A screenshot of a plot showing a the results of a KAN trained to fit a 1D function.  It shows a orange line labeled "Actual" making a zigzag pattern along with an orange line labeled "Predicted" which follows the orange one pretty closely, but with some inaccuracy especially near sharp turns.

To understand what kind of splines it was learning to accomplish this, I plotted the output of each spline in the network across the full input range of the model:

A screenshot of a number of different plots showing the output of each B-spline in a KAN after it's been trained to model a target function.  The first layer shows output plots that are relatively simple and smooth while the second layer's outputs are significantly more complicated and have more high-frequency features.

Pretty solid results! The first layer's outputs are pretty simple and represent a single spline each. Then the second layer creates more complicated representations that are stitched together from the outputs of the previous layer, and the final layer has a single spline which combines it all together and returns the model's output.

Scaling Up

Inspired by this early success, I decided to try turning up the complexity. I set up a training pipeline to parameterize images - learning a function like (normalizedXCoord, normalizedYCoord) -> pixelLuminance.

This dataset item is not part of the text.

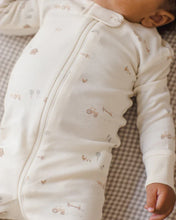 Load image into Gallery viewer, Quincy Mae Zip Long Sleeve Sleeper || Farm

I used a version of positional encoding to expand the coordinates from single scalars into small vectors to make it easier for the networks to learn high-frequency features.

When I tried to train KANs to parameterize some small images, I ran into significant difficulty.

The models would fail to converge or perform badly. I tried changing a bunch of things like layer count, knot count and spline order on the splines, learning rate, you name it. Some things helped, but it was largely a pretty poor showing.

At some point, I figured I'd take a look at PyKAN's source code to see if I was missing something in my implementation compared to what they were doing. I'd had good luck with PyKAN when testing it out in a Python notebook when I was first investigating KANs.

As it turns out, there was a whole lot more going on there than I expected.

PyKAN's Tricks and Extras

PyKAN's source code is actually pretty small and easy enough to parse through.

As I read some of the code around the core KAN implementation, I quickly noticed that PyKAN was using a lot of tricks to beef up their KAN implementation.

Here are the ones I noticed:

Bias

PyKAn includes a learnable bias vector which is added to the output of each layer before passing it to the next. This is the same thing that traditional neural networks have.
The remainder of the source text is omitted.